I am attempting to figure out a way to configure wireguard between my MV-1000(WG server) and a e750(WG client) routers. It appears that the GL firmware changes the way wireguard is run as opposed to standard linux host. I would like my remote network to be routed over the tunnel while internet destined traffic is only NAT’d on the public IP of my WAN interface of the MV-1000.
Has anyone been able to successfully get this to work between GL INET routers? It would be nice if this was an option we were able to configure through the GL GUI.
As far as I know there’re no GUI option to turn off NAT on WireGuard connection. We have to manually edit /etc/config/wireguard to add “option masq ‘0’”. See the example below:
The GL firmware seems to change how Wireguard is configured on the routers. The syntax and configuration locations are different from how all the resources on the internet show it configured, which is why I am running into issues.
The goodcloud site to site tunnel looks like it would almost work to accomplish this, but there is no way to add a default route to one end.
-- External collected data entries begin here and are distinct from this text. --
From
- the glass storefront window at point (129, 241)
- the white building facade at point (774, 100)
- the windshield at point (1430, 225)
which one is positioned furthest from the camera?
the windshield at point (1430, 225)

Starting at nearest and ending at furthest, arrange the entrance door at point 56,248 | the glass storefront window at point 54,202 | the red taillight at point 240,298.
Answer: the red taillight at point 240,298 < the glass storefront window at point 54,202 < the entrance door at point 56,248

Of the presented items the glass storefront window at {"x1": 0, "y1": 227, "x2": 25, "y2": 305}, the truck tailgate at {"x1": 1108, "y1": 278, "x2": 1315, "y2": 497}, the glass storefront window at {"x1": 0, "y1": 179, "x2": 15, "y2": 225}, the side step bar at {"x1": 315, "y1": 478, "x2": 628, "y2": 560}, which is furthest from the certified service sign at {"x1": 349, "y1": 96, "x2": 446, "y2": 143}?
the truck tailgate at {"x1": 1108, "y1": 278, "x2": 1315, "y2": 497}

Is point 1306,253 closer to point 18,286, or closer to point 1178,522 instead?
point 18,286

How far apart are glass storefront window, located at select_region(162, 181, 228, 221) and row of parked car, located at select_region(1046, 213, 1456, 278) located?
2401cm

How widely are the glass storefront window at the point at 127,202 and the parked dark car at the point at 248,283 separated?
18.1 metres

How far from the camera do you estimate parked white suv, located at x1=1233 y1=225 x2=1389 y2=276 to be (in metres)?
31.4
You can only add /24s unfortunately and it will not accept 0.0.0.0/0.
I cannot fully understand what you want to achieve.
On the wireguard client side (E750), E750 has to work in router mode, i.e. has NAT.
If you want to only have one NAT in the server side, you need to have vpn bridge. Unfortunately this does not work for wireguard. It can be done for Openvpn.
But when you mention S2S, seems my understanding above is not correct.